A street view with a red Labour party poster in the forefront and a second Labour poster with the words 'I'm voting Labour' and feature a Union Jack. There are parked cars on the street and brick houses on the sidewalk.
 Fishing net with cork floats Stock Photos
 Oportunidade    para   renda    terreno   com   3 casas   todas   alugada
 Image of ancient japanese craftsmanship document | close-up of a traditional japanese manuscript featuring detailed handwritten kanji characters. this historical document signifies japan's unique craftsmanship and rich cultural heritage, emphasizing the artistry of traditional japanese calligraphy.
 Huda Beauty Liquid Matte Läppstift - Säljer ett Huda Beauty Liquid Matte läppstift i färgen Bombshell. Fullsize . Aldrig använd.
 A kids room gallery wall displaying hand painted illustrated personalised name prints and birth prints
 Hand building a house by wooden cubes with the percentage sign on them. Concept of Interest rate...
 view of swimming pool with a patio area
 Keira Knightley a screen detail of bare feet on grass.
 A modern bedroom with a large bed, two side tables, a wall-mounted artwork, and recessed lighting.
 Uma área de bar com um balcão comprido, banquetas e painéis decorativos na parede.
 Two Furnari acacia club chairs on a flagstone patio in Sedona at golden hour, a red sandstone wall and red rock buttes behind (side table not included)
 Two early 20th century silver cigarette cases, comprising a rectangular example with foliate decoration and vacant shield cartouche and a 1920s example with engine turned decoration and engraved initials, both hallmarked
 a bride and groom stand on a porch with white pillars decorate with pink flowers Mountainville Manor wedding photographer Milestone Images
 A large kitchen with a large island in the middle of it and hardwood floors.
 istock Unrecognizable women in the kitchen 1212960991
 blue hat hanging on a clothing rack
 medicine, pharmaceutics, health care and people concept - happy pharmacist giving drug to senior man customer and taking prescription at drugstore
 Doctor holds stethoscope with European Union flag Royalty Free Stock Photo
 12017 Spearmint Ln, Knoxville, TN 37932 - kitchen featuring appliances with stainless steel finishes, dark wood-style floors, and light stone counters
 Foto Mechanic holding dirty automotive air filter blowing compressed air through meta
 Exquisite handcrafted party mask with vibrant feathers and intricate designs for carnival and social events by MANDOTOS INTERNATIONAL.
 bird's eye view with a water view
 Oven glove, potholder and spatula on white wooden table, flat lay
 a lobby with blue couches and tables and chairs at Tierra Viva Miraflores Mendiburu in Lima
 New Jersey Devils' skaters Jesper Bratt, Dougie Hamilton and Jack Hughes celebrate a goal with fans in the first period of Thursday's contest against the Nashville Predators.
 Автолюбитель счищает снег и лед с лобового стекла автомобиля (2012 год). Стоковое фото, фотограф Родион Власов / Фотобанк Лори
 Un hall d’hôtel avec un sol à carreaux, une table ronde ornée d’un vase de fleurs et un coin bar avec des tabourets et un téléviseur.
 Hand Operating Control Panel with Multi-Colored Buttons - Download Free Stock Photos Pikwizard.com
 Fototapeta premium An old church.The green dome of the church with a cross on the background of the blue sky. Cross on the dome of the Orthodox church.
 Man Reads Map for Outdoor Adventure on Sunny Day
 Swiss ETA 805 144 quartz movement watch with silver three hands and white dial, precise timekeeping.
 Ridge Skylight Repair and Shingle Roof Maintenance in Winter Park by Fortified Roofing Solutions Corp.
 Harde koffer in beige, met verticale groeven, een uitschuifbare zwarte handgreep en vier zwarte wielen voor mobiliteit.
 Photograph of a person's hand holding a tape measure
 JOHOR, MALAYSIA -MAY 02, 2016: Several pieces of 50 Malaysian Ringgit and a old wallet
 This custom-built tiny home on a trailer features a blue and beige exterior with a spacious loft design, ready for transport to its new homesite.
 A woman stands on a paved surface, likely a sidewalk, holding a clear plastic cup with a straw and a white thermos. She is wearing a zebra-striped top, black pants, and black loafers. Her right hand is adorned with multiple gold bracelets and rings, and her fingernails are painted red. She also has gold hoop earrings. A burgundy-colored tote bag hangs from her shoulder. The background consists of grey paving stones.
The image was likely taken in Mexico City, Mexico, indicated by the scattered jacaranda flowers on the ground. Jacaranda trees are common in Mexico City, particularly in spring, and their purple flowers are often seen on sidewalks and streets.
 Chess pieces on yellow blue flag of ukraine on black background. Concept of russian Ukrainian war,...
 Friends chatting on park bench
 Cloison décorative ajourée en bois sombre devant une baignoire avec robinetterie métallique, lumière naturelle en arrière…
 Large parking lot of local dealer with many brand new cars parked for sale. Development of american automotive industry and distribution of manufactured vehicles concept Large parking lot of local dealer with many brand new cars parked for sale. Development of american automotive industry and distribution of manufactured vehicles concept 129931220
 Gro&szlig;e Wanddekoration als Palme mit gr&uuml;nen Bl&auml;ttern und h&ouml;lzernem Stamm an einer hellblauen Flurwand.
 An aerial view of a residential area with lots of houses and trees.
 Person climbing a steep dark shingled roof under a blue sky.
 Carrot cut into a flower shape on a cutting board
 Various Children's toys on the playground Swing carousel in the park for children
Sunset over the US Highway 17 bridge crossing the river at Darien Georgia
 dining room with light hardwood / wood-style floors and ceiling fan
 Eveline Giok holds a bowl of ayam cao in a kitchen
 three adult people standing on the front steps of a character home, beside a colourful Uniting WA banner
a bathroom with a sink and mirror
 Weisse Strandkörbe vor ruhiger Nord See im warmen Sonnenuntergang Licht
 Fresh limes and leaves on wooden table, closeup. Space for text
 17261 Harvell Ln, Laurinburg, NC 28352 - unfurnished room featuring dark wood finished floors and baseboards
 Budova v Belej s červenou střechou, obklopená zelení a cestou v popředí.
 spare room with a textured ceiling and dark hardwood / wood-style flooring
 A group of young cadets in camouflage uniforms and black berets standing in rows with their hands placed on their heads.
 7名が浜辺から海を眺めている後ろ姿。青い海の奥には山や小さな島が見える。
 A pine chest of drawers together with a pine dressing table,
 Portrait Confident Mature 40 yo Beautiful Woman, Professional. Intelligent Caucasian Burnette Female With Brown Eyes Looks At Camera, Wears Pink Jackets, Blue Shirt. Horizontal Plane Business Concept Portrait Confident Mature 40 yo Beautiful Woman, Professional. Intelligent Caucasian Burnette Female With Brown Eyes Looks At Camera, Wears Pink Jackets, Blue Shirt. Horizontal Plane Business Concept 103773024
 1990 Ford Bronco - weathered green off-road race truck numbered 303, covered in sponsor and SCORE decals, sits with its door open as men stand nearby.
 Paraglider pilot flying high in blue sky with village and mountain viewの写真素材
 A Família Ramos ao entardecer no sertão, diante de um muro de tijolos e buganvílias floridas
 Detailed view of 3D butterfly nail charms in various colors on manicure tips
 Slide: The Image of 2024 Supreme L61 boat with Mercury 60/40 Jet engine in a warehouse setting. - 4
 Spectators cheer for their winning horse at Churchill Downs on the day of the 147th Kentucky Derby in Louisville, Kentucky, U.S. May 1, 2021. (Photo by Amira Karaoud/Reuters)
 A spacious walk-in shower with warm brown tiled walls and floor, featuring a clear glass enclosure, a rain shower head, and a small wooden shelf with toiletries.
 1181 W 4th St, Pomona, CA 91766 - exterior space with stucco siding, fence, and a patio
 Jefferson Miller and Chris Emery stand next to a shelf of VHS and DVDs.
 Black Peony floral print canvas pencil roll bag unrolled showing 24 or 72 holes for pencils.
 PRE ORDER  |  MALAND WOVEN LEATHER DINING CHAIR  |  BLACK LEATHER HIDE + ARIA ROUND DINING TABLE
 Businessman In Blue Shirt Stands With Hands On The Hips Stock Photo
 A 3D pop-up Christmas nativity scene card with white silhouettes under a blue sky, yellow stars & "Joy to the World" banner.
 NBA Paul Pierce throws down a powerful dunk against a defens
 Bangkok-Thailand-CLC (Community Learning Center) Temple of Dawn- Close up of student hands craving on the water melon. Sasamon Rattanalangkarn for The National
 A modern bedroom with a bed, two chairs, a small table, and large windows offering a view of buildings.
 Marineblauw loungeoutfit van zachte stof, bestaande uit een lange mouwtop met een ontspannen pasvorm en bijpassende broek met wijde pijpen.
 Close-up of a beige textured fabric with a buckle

* [TASK TO CARRY OUT]: In the entries above, find the line with "Ridge Skylight Repair" and the line with "JOHOR, MALAYSIA -MAY", then set down exactly those two and every line between them, nothing else.

* [RESPONSE BOX]:
 Ridge Skylight Repair and Shingle Roof Maintenance in Winter Park by Fortified Roofing Solutions Corp.
 Harde koffer in beige, met verticale groeven, een uitschuifbare zwarte handgreep en vier zwarte wielen voor mobiliteit.
 Photograph of a person's hand holding a tape measure
 JOHOR, MALAYSIA -MAY 02, 2016: Several pieces of 50 Malaysian Ringgit and a old wallet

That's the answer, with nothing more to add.